Boughton Law Corporation is acting as legal counsel to Optimum. RwE Growth Partners, Inc. provided a fairness opinion to Optimum's Special Committee of the board of directors that the Arrangement is fair from a financial point of view to the shareholders of Optimum subject to the assumptions, limitations and qualifications set out in such fairness opinion.

About Blackwolf

Blackwolf's founding vision is to be an industry leader in transparency, inclusion and innovation. Guided by our Vision and through collaboration with local and Indigenous communities and stakeholders, Blackwolf builds shareholder value through our technical expertise in mineral exploration, engineering and permitting. Blackwolf holds a 100% interest in the high-grade Niblack copper-gold-zinc-silver VMS project, located adjacent to tidewater in southeast Alaska as well as five Hyder Area gold-silver and VMS properties in southeast Alaska and northwest British Columbia in the Golden Triangle, including the high-priority wide gold-silver veins at the Cantoo Property. For more information on Blackwolf, please visit the their website at www.blackwolfcopperandgold.com.

About Optimum

Optimum is a Canadian-based mineral exploration company actively seeking opportunities in the resource sector. Its properties and projects are all located in British Columbia and the extensions of the Golden Triangle area of Northern British Columbia into Alaska.
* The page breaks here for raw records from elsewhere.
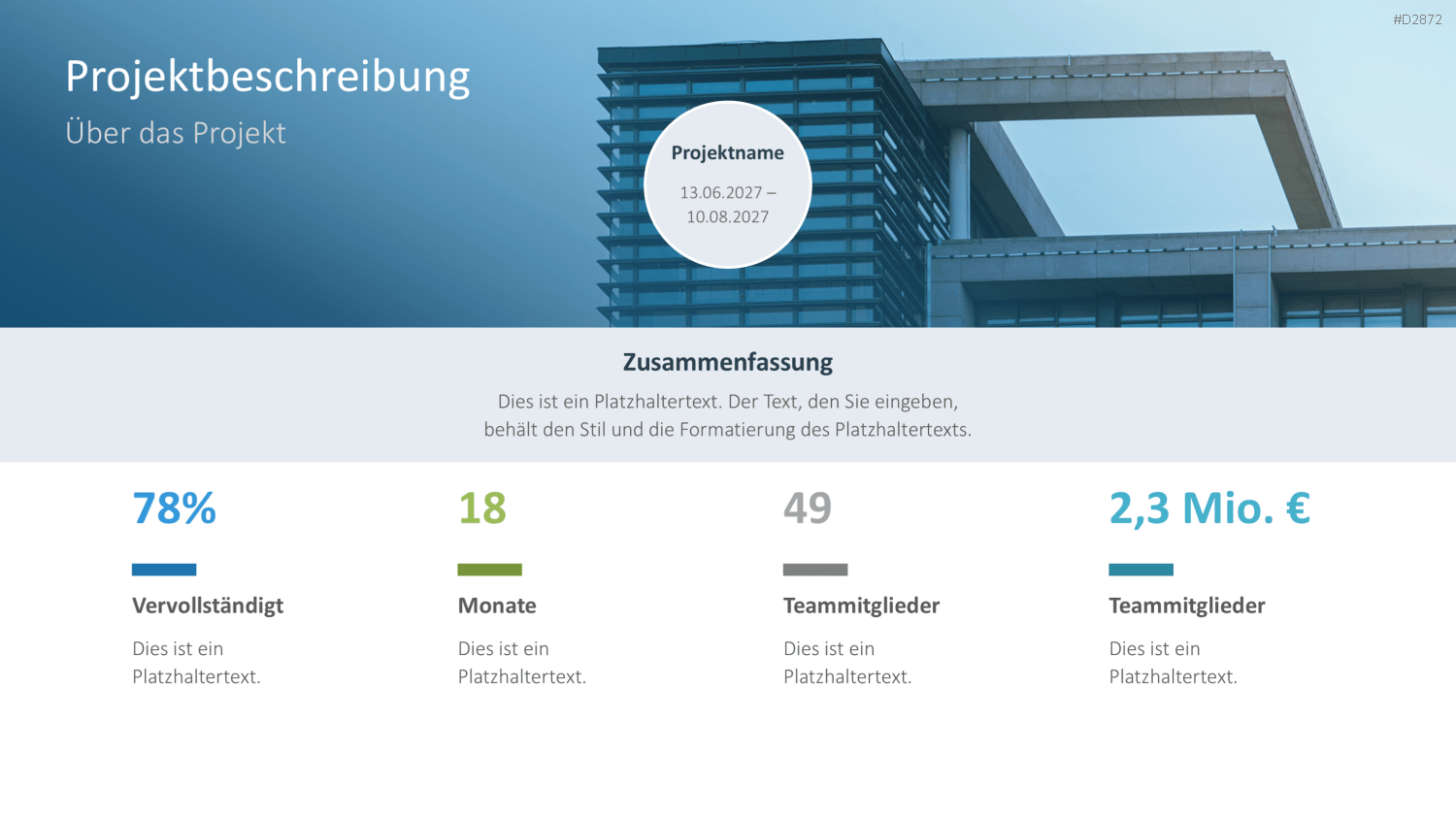 Projektstatusbericht Vorlage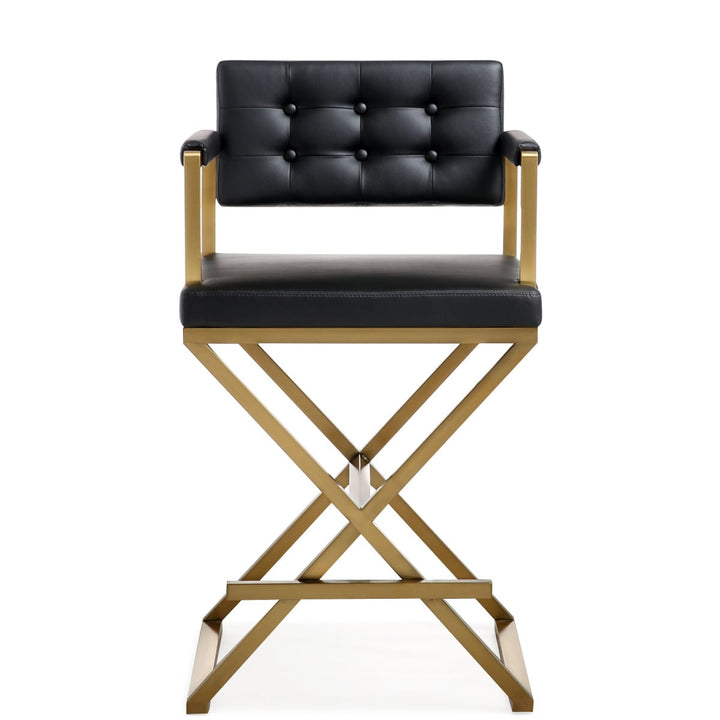 DIRECTOR COUNTER STOOL: BLACK | GOLD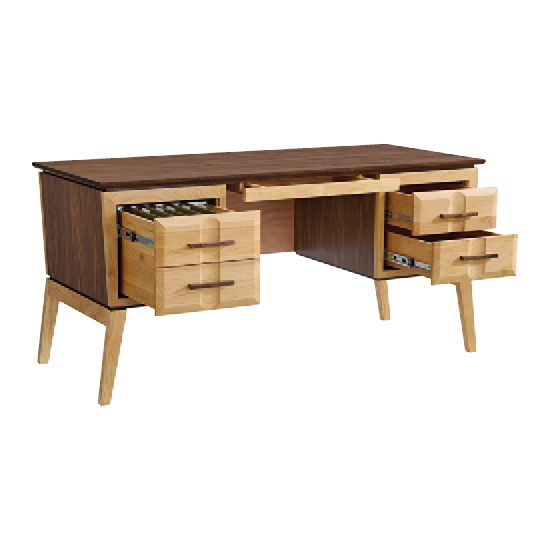 Addison - 4-Drawer Desk - Duet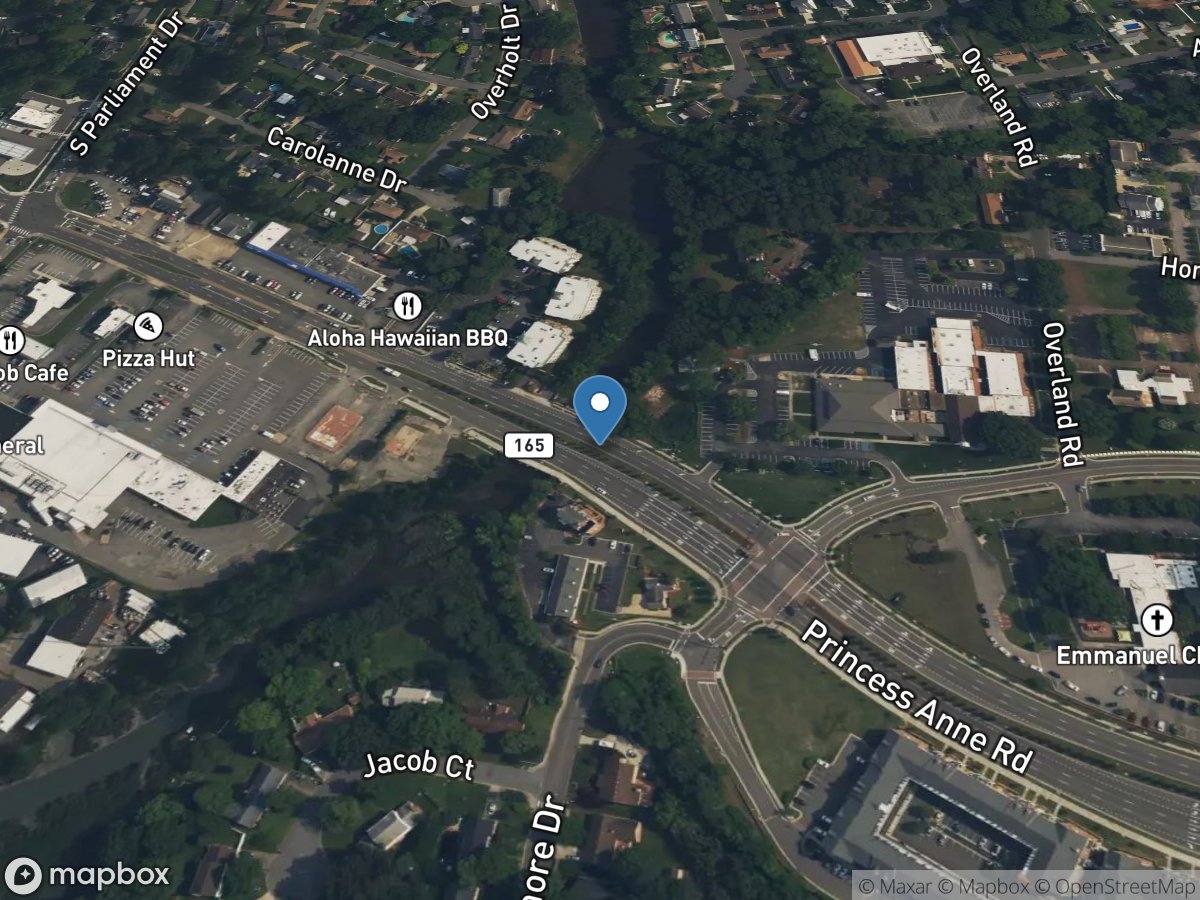 EB Elizabeth River at Rt 165 at Virginia Beach, VA location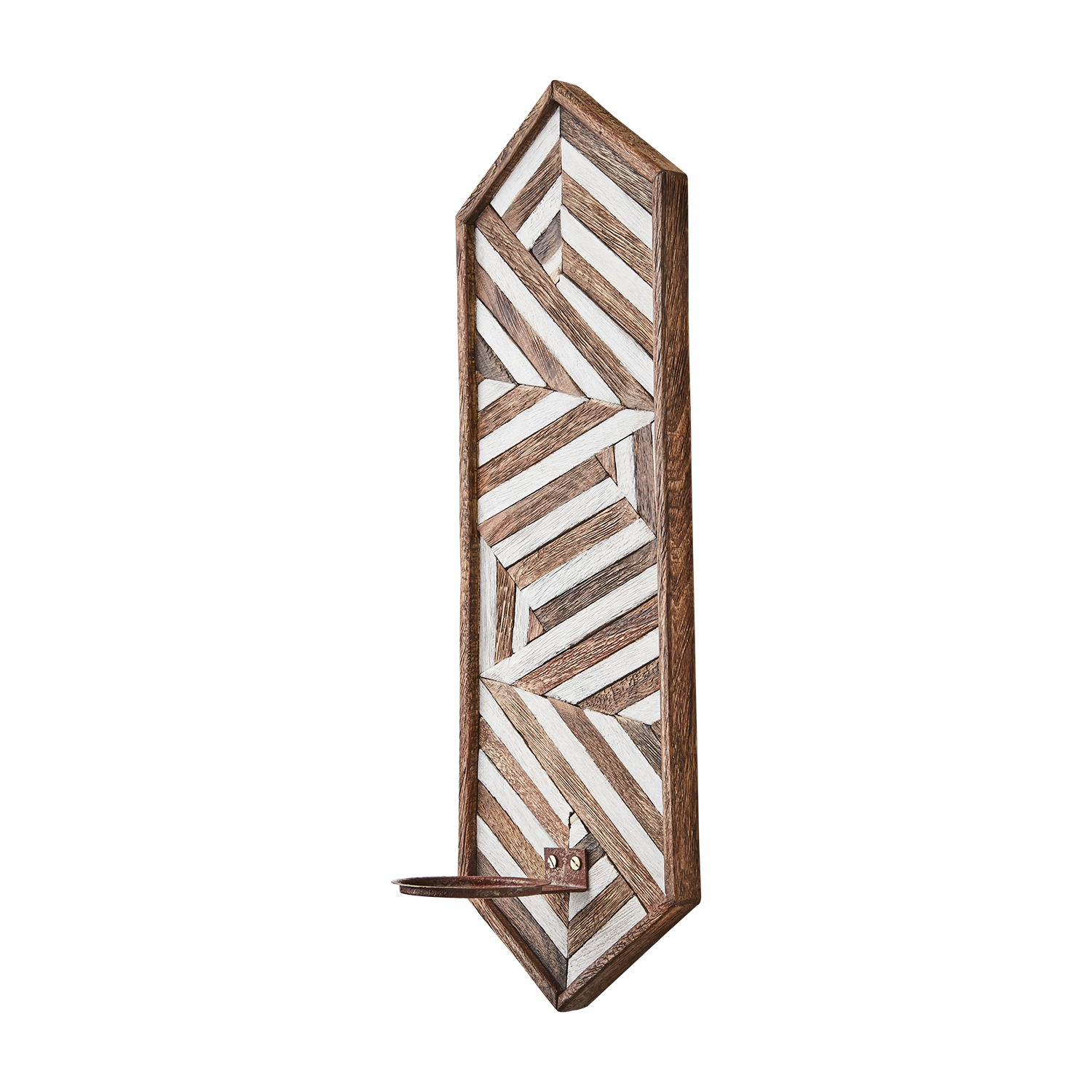 Affari of Sweden, VECTOR Väggljushållare, Brun/vit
The Company has an option agreement with Teuton Resources Corp. pursuant to which Teuton has agreed to grant to Optimum the option to acquire an up to 80-per-cent interest in the Harry and Outland Silver Bar properties, located near Stewart, B.C.

Neither the TSXV nor its Regulation Services Provider (as that term is defined in the policies of the TSXV) accepts responsibility for the adequacy or accuracy of this release.

Completion of the Arrangement is subject to a number of conditions, including but not limited to, TSXV acceptance and shareholder approval. The Arrangement cannot close until the required approvals are obtained. There can be no assurance that the Arrangement will be completed as proposed or at all.

Investors are cautioned that, except as disclosed in the management information circular to be prepared in connection with the Arrangement, any information released or received with respect to the Arrangement may not be accurate or complete and should not be relied upon. Trading in the securities of the Company should be considered highly speculative.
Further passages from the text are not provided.